Hrm I don't see anywhere that you accounted for gravity pushing the car down the hill (mgsin(12)) in part. Well pulling really.

6. Oct 3, 2004

### HobieDude16

one of my classmates whos working with me did this....
MUkmgcos12-mgsin12=m Ax
sooo.... MUkgcos12-gsin12=Ax
then, got Ax, plugged into Vf^2=V0^2+2 Ax D
and solve for Vf (velocity final)....
and that didnt work.... so what would be wrong with that one? or the first one? AH! i hate physics!

7. Oct 3, 2004

### 0aNoMaLi7

i have the same problem and have tried similiar methods...anyone here know what we are doing wrong!?

8. Oct 3, 2004

### HobieDude16

hey oanomali, check your private messages

9. Oct 3, 2004

### vsage

Ok I worked it out and this is what I THINK the solution should look like. Use one of your constant acceleration displacementish formulas:

Our perspective is parallel to the inline of the hill. The resultant force between gravity and friction is as follows:

Fgravity - Ffriction = Fresultant

m*g*sin(12) - u*m*g*cos(12) = m*Aresultant
divide by m.

Note a will be negative. With the equation you used you probably got a positive a. (I had negative/positive switched in original post)
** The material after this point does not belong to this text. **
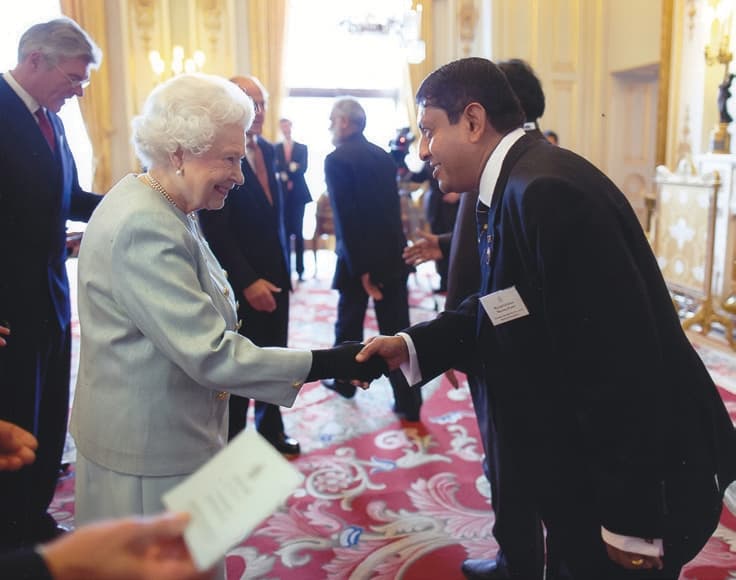 A rare and memorable honour: Her Majesty Queen Elizabeth II greeting Milinda at Buckingham Palace while attending the Association of Commonwealth Universities Congress in October 2013.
the constant acceleration equation you used from here should work. I think you got a negative sign wrong maybe that was the problem?

Last edited by a moderator: Oct 3, 2004
10. Oct 3, 2004

### HobieDude16

to find t in the d = v1*t + 1/2 *a*t^2 do you complete the square?

11. Oct 3, 2004

### vsage

Don't worry about what I said what I said with d = v1*t + 0.5*a*t^2.. I forgot about the one you used :)

12. Oct 3, 2004

### HobieDude16

ok, using what you said above, i got 1.94 as the acceleration, and plugging that into vf^2=v0^2+2ad with v0 being 16m/s, and d being 25m, we got vf=18.79, which doesnt make sense to me cause thats greater than v0, does that make sense? should the velocity after hitting the breaks be more? it might though, since the friction is minimal, and its downhill.... what do you think?

13. Oct 3, 2004

### vsage

Is this for part b? For part A with my equation I'm getting an accerlation of about -4m/s^2 and for part b about 1.08m/s^2. It seems like you punched a number in wrong or something because using what I said above I get a different answer. That or what I punched into the calculator differs from what I wrote. Let me look.

For part A did you use:

a = 9.8*sin(12) - 0.6*9.8*cos(12)?

Last edited by a moderator: Oct 3, 2004
14. Oct 3, 2004

### 0aNoMaLi7

15. Oct 3, 2004

### HobieDude16

yeah, i think that was part b, but, when i plug it in with 1.08, i still get a speed above the v0, isnt that strange? shouldnt it be lower? 17.6 is what i got for the speed (in part b)... but thats more than v0 which is 16, so what do you think?

16. Oct 3, 2004

### vsage

The speed should be higher for part b than v0. It's right.

17. Oct 3, 2004

### HobieDude16

score! i wasnt sure if i wanted to guess cause i had 1 guess left, but thank you very much, it worked! i wasnt sure with it being faster after sliding, odd....

18. Jan 13, 2005

### atlbraves49

can you guys send me the answers for this problem? or at least how to do it.. Ive been trying to work on it for forever and cant get it. Thanks

Oh and in my problem, the distance is 27m and the v1 was 18m/s instead of 16m/s

thanks

19. Jan 14, 2005

### Leo32

I was just wondering:

How many of you first made a small sketch indicating all forces on the vehicle, before starting to calculate ?

Greetz,
Leo

20. Jan 14, 2005

### jdstokes

You need to find the equation of motion of the car. That means using newton's second law or otherwise to find an expression for the acceleration of the car.
\begin{align*} \Sigma F & = -ma \\ \intertext{the forces acting are friction and the gravitational force,} f_\mathrm{k} - mg\sin\theta & = -ma \end{align*}

The kinetic friction is given by $f_\mathrm{k} = N\mu_\mathrm{k}$ where $N = mg\cos\theta$. Therefore

\begin{align*} \mu_\mathrm{k}mg\cos\theta - mg\sin\theta & = -ma \\ a = g(\sin\theta - \mu_\mathrm{k}\cos\theta) \end{align*}

To find the speed after a distance $s$,

\begin{align*} -v^2 & = -v_0^2 + 2as\\ v & = \sqrt{v_0^2 - 2sg(\sin\theta - \mu_\mathrm{k}\cos\theta)} \end{align*}

Substituting all the known variables gives a speed of 21 m/s for part a and 14 m/s for part b.

The answer to your question depends of the coefficient of kinetic friction.